### Task
The expected answer is the set of lines in the data below between the line holding "Simple flat style" and the line holding "MyQR : Light", inclusive, written out exactly.

### Data extract
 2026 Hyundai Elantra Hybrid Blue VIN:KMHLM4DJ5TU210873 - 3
* * *
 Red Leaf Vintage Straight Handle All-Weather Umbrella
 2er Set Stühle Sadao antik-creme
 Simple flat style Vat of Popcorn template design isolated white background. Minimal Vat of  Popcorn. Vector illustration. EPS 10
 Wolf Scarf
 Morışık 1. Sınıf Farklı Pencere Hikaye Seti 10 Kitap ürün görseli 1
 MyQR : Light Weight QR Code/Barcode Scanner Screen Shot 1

### Written reply
 Simple flat style Vat of Popcorn template design isolated white background. Minimal Vat of  Popcorn. Vector illustration. EPS 10
 Wolf Scarf
 Morışık 1. Sınıf Farklı Pencere Hikaye Seti 10 Kitap ürün görseli 1
 MyQR : Light Weight QR Code/Barcode Scanner Screen Shot 1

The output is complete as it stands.